群生地で咲き誇るクリンソウ=2023年5月10日午後1時43分、兵庫県丹波市市島町多利で

兵庫県丹波市市島町多利にある妙高山で、県で絶滅危惧種に指定されている植物「クリンソウ」が見頃を迎えている。中腹に流れる沢の両側約300メートル間に、密度の違う群生地が5カ所ほど点在。ピンク色のかれんな花がぽつりぽつりと咲き誇り、初夏の訪れを告げている。今月いっぱいは見られそう。

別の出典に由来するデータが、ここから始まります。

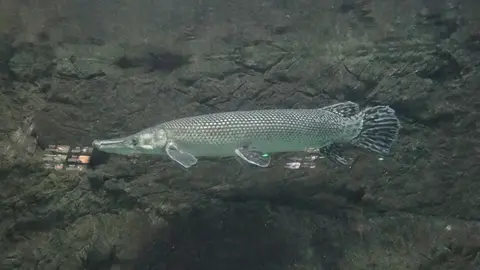 Ikan aligator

サクラソウ科の多年草。高さ30―80センチほどの茎から、直径3センチほどの花を輪生して咲かせる。県版レッドデータブックでは絶滅の危機に瀕し、厳重な保全対策が必要とされるBランクに指定されている。

「妙高山のクリンソウを守る会」で事務局を務める尾松勝実さん(80)=丹波市市島町南=によると、今年は開花直前の時期に冷え込んだせいか、例年より開花が1週間ほど遅いという。

尾松さんは「地区で唯一といえるほどの観光資源。原種の自然な状態の美しさを感じてほしい」と話している。

2010年に地元の愛好家女性2人が群生地を発見。それを機に地元有志で「守る会」を立ち上げた。元の自然環境を極力守りつつ、観察や遊歩道の整備などに励み、自生地を保護し続けている。看板やのぼり旗を立ててPRにも注力している。